Again, he explained, all forms of technicalities that may inhibit easy disposition of cases relating to property recovery should be eliminated in the regulation. Besides, since the legislation allows the use of Alternative Dispute Resolution (ADR) for resolving landlord tenant disputes, the real estate practitioners should be encouraged to explore this option for prompt recovery of premises.
“Tenancy matter is an issue that cuts across every sector of the society. Accordingly, tenancy law must be able to reflect the aspirations of the various groups in the society,” Olapade submitted.
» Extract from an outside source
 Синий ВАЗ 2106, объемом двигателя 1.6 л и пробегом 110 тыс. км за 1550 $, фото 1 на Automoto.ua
The Estate Surveyor and Valuer in conclusion, said the government, which legislates on tenancy matters that have direct bearing on attractions of property investment, should as a matter of urgency, increase the housing stocks, especially affordable accommodation for the teeming masses in the low class. “This translates that there is an urgent need to continually bridge the gap between private developers’ supply of residential houses with continuous supply by the public sector. It is the only way that the effects of Agency like Lagos State Real Estate Transaction Department can be effective,” he said.
He continued: “Government has not given us anything in housing. Even the houses government is selling to the public is not affordable. With availability of stock of residential properties developed by the government in regulated and controlled districts within the jurisdictions of every local government and local council development area, then a proper stock of available houses can be searched online while the rent payable can be controlled or regulated with effective and clear tenancy law as well.“ He added that through this, the activities of real estate practitioners will also be controlled effectively by an Agency such as LASRETRAD through a centralised data base.
Earlier, Commissioner for Housing, Gbolahan Lawal, said government’s enactment of LSTL 2011 has brought relief to the people of the state. He said from the feedback from the public, it is obvious that the law is having a positive effect on the real estate sector, such that landlords and tenants conflicts have been drastically reduced.